Rich: Alright. So I have tried Instagram stories and I may have tried Snapchat stories once or twice, and generally what happens is I’m really active for a solid day and then I’m like, who cares about my day going to In N Out Burger in Arizona or whatever it is, or the bike ride that I took. So Kate I want you to coach me to tell better stories. And you can use me as an example, you can use a client as an example, but for my day either I’m doing flyte new media stuff talking to clients about digital marketing stuff, or I’m doing Agents of Change stuff preparing for the next conference or preparing for the next podcast. What kind of behind the scenes stuff would an audience of a community care about to actually watch my story do you think?
Kate: I think the way that people look at content nowadays is all about behind the scenes. People want to know why, or how, or where you’re spending your day and how that content really comes at the end all pretty and packaged. So when you’re showing your day I think it’s really interesting.

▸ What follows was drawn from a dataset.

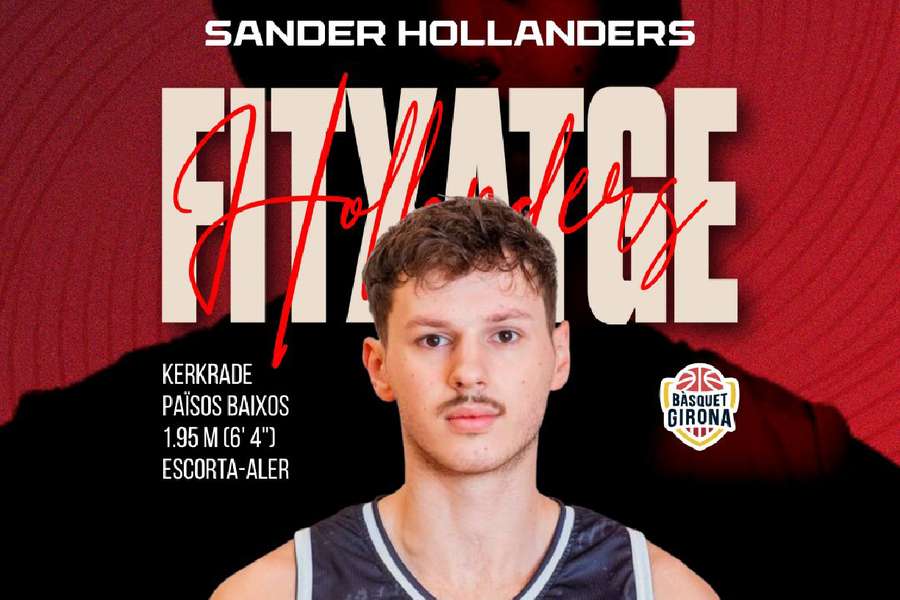 Hollanders, nuevo jugador del Basquet Girona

An example I did is I worked with social media influencers and YouTube stars this summer for an app called Dote – it’s a fashion app – and we would do really nice Instagram posts that would gets tons of engagement because these girls have so much influence and they’d get 10,000 ‘likes’. But every day we would also show their behind the scenes of how they’re doing their videos or how they’re getting fashion or what clothes they’re going to wear.
So the way I look at it is that everything is a reality TV show nowadays and we’re the stars, so you want to make your life as exciting as possible but that sometimes is mundane as well. But you’re keeping people engaged and they’re learning more and more about you every single time you do a story. And for myself, the more I do it because I consult, or I need to get clients, or I need to engage media. So the more I look at who’s looking at my stories, and if there’s a journalist there or a client, then I know that they’re seeing me and remembering that I’m active if I do marketing and I’m having a great day, too. So it might seem mundane but it’s the long term value of it.

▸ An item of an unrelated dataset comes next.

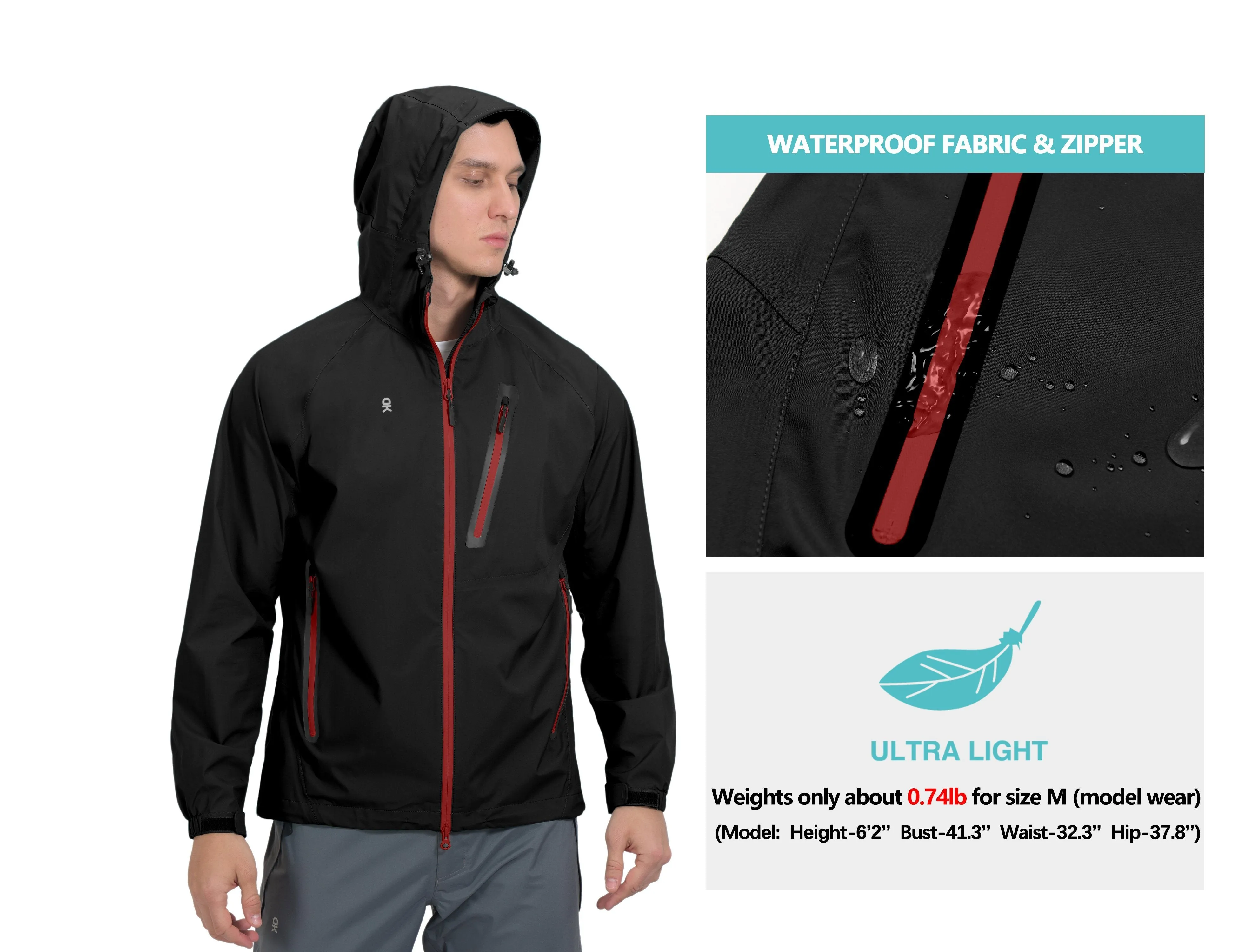 Men's High-performance Waterproof Rain Jacket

Rich: Well I think sometimes also people overlook the importance of mundane, and the bottom line is most of our life is going walking down the street and saying to somebody, “Nice weather.” So I think that there’s a certain amount of that that I think might just become natural and part of the ephemeral storytelling vernacular for all I know.
You mentioned Snapchat, you mentioned Instagram, I wonder if there is recommendations that you have based on a company, which they should focus on or should they be in both places?

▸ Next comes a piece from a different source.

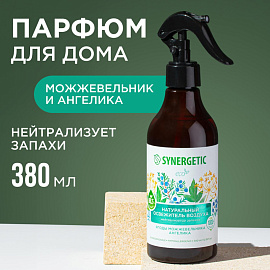Освежитель воздуха Synergetic Ягоды можжевельника и ангелика 380 мл фото Освежитель воздуха Synergetic Ягоды можжевельника и ангелика 380 мл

Kate: I think if you have the bandwidth you should be on Snapchat, but if you don’t have the bandwidth and your audience isn’t millennials, then I would do Instagram Stories. I feel like I’ve had to switch. I wrote a book on Snapchat so I’m super pro-Snapchat, but realistically if you have a small team it’s the same type of storytelling and that’s what I’m proud of and I think is the future. So I would go off with Instagram Stories if you don’t have the bandwidth and you know that your audience isn’t going to be on Snapchat in general.
Rich: Alright. And I think I shared with you that at Agents of Change one of the things when I asked our attendees what are you looking for going forward is people asked how to attract the attention of millennials and younger people. What kind of content would you say that millennials are looking for? If I’m specifically – whether I’m a pizza parlor or web designer or whatever I’m doing – if I’m attracting a younger demographic what kind of content is going to engage with them?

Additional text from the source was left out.